Federal Alert: SharePoint and Fortinet Flaws Under Attack

The government is warning that hackers are actively exploiting fresh bugs in Microsoft SharePoint and Fortinet security software right now.

Federal Alert: SharePoint and Fortinet Flaws Under Attack

What happened

The federal government's cybersecurity watchdog issued urgent warnings this week about serious flaws in two widely used business tools: Microsoft SharePoint and Fortinet's FortiSandbox platform. Both sets of vulnerabilities are already being used by hackers in real attacks, not just theoretical risks sitting in a lab somewhere.

The Cybersecurity and Infrastructure Security Agency, known as CISA, added all of these flaws to its official list of vulnerabilities that are confirmed to be exploited in the wild. When something lands on that list, federal agencies are given a hard deadline to fix it. For the SharePoint bug, that deadline is July 19, 2026.

The SharePoint problem

SharePoint is a Microsoft product that businesses, schools, and government offices use to store files, share documents, and manage internal websites. It sits behind the scenes of a huge number of organizations, which makes any serious flaw in it a big deal.

The newly found bug, tracked as CVE-2026-58644, scored a 9.8 out of 10 for severity, which puts it near the top of the danger scale. It is what security experts call a deserialization flaw. In plain terms, it lets an attacker who already has some level of access to the server trick it into running malicious commands. Once that happens, the attacker can take control of the server itself.

What makes this case notable is how fast attackers moved. Researchers found this bug and it was already being used against real targets shortly after it became public knowledge. That short window between disclosure and exploitation is becoming more common, and it leaves very little time for organizations to react before hackers start knocking.

The Fortinet problem

Fortinet's FortiSandbox is a security tool that companies use to catch malware before it can spread across their networks. It works by testing suspicious files in an isolated environment to see if they behave in harmful ways.

Two separate vulnerabilities in this product are now confirmed to be under active attack. CISA has told federal agencies to treat these as an immediate priority, meaning the fixes need to go in right away rather than waiting for a routine update cycle. The irony is not lost on security professionals: a tool built to detect malware has itself become an entry point for attackers.

Why this matters beyond the government

These warnings are aimed at federal agencies, but the underlying risk touches far more people. SharePoint and Fortinet products are used by thousands of private companies, hospitals, schools, and local governments. If your workplace uses either of these tools, and there is a decent chance it does even if you never interact with it directly, then this news is relevant to you.

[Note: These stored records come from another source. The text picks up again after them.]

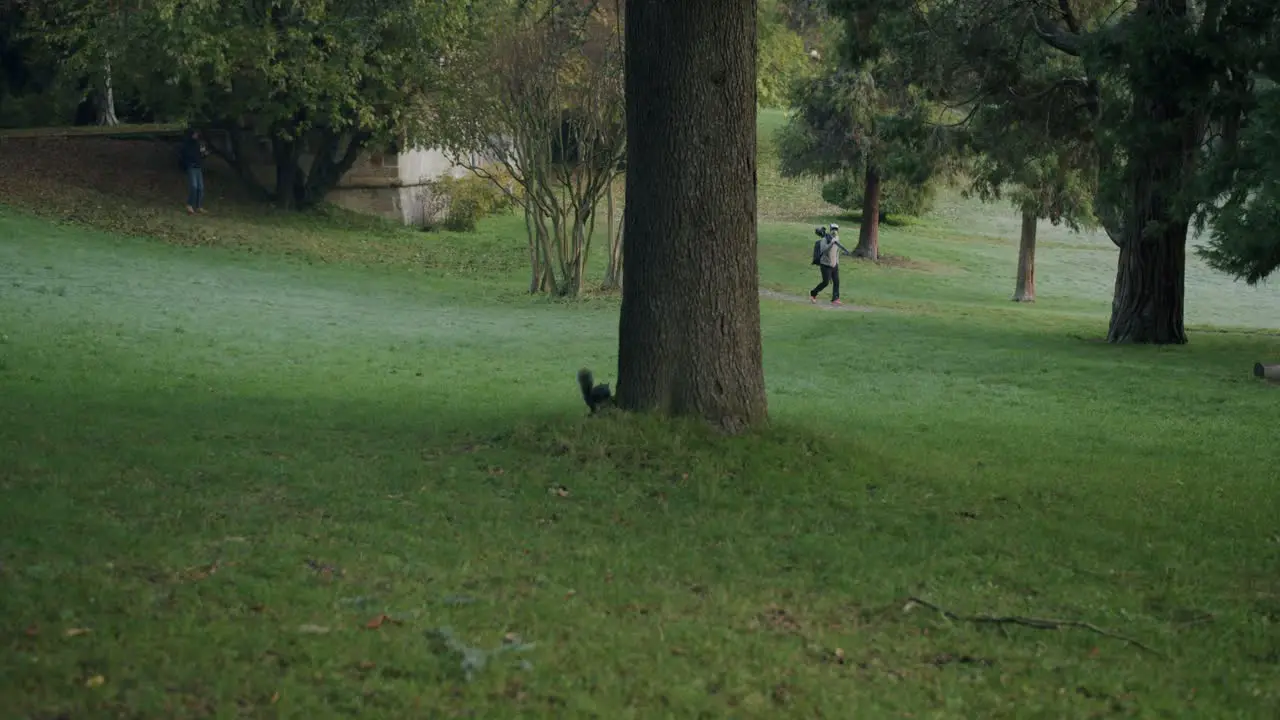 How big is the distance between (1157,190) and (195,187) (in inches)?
959

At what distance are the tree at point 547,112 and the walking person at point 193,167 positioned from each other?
874cm

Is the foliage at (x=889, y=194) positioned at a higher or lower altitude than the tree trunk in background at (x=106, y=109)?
lower

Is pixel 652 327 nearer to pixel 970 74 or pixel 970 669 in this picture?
pixel 970 669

Attacks like these rarely stay contained to the original target. Once hackers gain a foothold on a server, they often use that access to steal customer data, plant ransomware, or move further into a network to find more valuable information. That can mean stolen personal records, leaked emails, or systems getting locked down and held for ransom, all of which eventually affects regular employees and customers, not just IT departments.

What you should do

  • Check with your IT team or provider. If your workplace runs SharePoint Server or Fortinet security products, ask whether the latest patches have been applied. This is not a "wait and see" situation given how quickly these flaws are being exploited.
  • Update software immediately when prompted. Whether at work or at home, do not delay security updates on any system, especially ones flagged as actively exploited.
  • Watch for unusual account activity. If your company uses SharePoint, keep an eye out for strange login attempts, unexpected file changes, or alerts from your security team, and report anything odd right away.
  • Use strong, unique passwords and enable two factor authentication wherever it is offered, since stolen credentials are often the first step attackers use to get into systems like these.
  • If you run a small business, consider asking your managed IT provider directly whether any of your systems are affected, rather than assuming someone else is handling it.